Harvard's resident UFO hunter thinks he and his team may have recovered tiny fragments of an interstellar visitor at the bottom of the Pacific Ocean — but there's still lots to be skeptical about.
As the BBC reports, Harvard's firebrand astronomer Avi Loeb has found what he believes could be fragments of an alien meteor using his "interstellar hook," a tentacle-like contraption he invented that scrapes the ocean floor to rake up potential interstellar rock samples.
Loeb has made a name for himself in his years-long quest to discover artifacts that could belong to an extraterrestrial civilization. Though he's perhaps most famous for his theories surrounding the interstellar object 'Oumuamua that flew past Earth in October 2017, the latest anomaly in question dubbed IM1 fell into the Pacific Ocean back in 2014.
Loeb strongly believes that it came from outside of our Solar System due to the incredible speed at which it crash-landed into our seas, the location of which the Department of Defense later confirmed.
And that's not all. Loeb maintains that the meteor may represent technology from an alien civilization, an arguably far-fetched theory that's bound to raise eyebrows among his peers.
But did he and his team really find evidence of the object's interstellar origins or were they simply sifting through otherwise unnoteworthy debris on the bottom of the ocean?
Earlier this month, Loeb and his crew set sail aboard a ship fortuitously named the Silver Star to take their interstellar hook for a ride. And on June 21, they appeared to have hit pay dirt when they found tiny spherical fragments called "spherules" made up of a strange mix of iron, magnesium, and titanium.
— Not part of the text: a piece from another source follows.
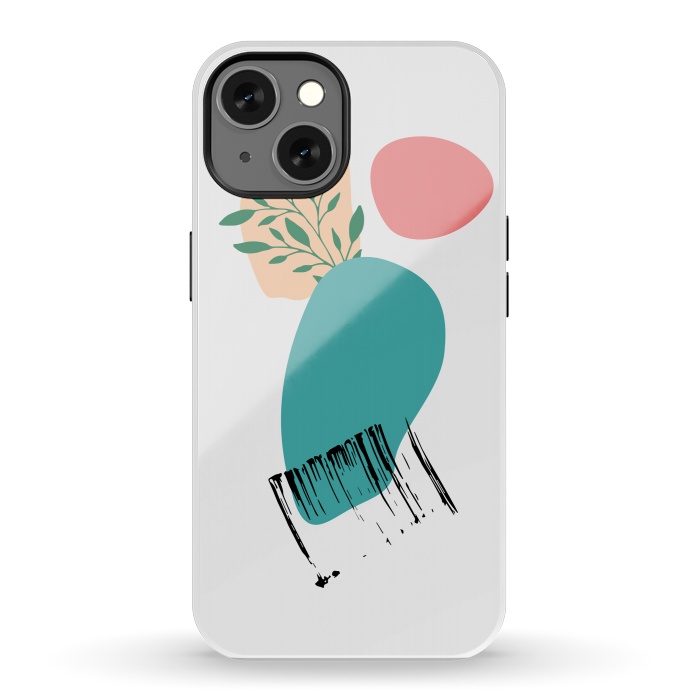 iPhone 13 StrongFit Breaking Silence by Creativeaxle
Spherules like the ones the Harvard alien hunter and his team found, the BBC notes, are often the hallmarks of meteorites or asteroids, which are created when they violently explode.
While Loeb seems to be confident that the tiny fragments, just a third of a millimeter in size, are from IM1, other scientists are skeptical and noted that spherules can also be created by terrestrial processes, too.
"Tiny metallic spherules are exceedingly common on Earth," Marc Fries, a cosmic dust curator at NASA, told the BBC. "They come from automobile exhaust, vehicle brakes, welding, volcanoes, and probably some more sources we haven't identified."
And that's not to mention they could've been pieces of the hundreds of other meteorites that shower down on us every year.
But that hasn't perturbed Loeb, who has since insisted on his blog that the spherules' "anomalous" composition makes them a good candidate for having interstellar origins, though he notes that further research is necessary to figure out just what makes them so special.
The team is now hoping to analyze the samples with a spectrometer at Harvard to identify any isotopes within.
And who knows? There's still a minuscule chance they could've arrived here from an entirely different star system.